This product is a writing task that requires reading through chapter 30 of Harper Lee’s To Kill a Mockingbird.
This writing task guides students through the process of supporting a claim with text evidence. To support the claim, students will select the best text evidence from 8 potential pieces, present that text evidence in a written paragraph, and also analyze how or why the text evidence presented supports the claim.
This 10-page product includes a vocabulary list for understanding the necessary writing concepts for presenting text evidence, the writing task, 8 pieces of text evidence to evaluate, page numbers for the text evidence, a guided planning page for organizing the presentation of evidence, a starter response for struggling writers, a lined page for the written response, and two choices of rubrics for scoring.
Below are the six concepts used in this package for teaching students how to present text evidence:
TRANSITION — A word or phrase used to connect one idea to the next.
LEAD IN — Gives context or background information to the text evidence. When are we? Where are we? In brief, what's been happening plot-wise leading up to this text evidence?
ATTRIBUTIVE TAG — Whose words were borrowed? Are those words best described as narration, thinking, or dialogue?
TEXT EVIDENCE — Purposefully selected because something about it makes it some of the best evidence to support a(n) thesis, claim, argument, stance, statement, or answer.
CITATION — MLA in-text citation (Author 283).
LEAD OUT — It’s analysis. It answers HOW or WHY the text evidence helps support the argument being presented? As part of the analysis, the LEAD OUT often picks apart the author's use of word and phrase choices, including literary elements and writing techniques used. How do these writing choices made by the author support the thesis?
Because lead out is analysis, it often involves making inferences. Thus words such as suggests, implies, and indicates are often necessary to use.
This product is part of the To Kill a Mockingbird Selecting, Presenting, and Analyzing Text Evidence writing unit.
This in-depth writing package provides teachers with what’s needed to teach students how to select, present, and analyze text evidence to support a claim in writing. This 75-page unit uses the text of Harper Lee’s To Kill a Mockingbird to teach and reinforce those lessons.
In addition to lesson and practice materials to reinforce the necessary writing concepts, this package also includes well-guided novel-based writing tasks, rubrics, exemplars, drills to reinforce, checks for understanding, and quizzes.

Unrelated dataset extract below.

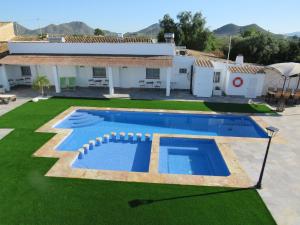 The swimming pool at or close to B&B Finca la Manchica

While the terminology used to teach students how to select, present, and analyze textual evidence is not complex, some of the writing concepts will be new to students. This package scaffolds the process to allow students the opportunity to
1. study the writing concepts,
2. identify the writing concepts in other people’s writing,
3. analyze how those writing concepts function,
4. practice applying the concepts in guided workouts,
5. apply those concepts in their own writing,
6. identify the concepts in their own writing,
7. analyze the effectiveness of those concepts in their own writing.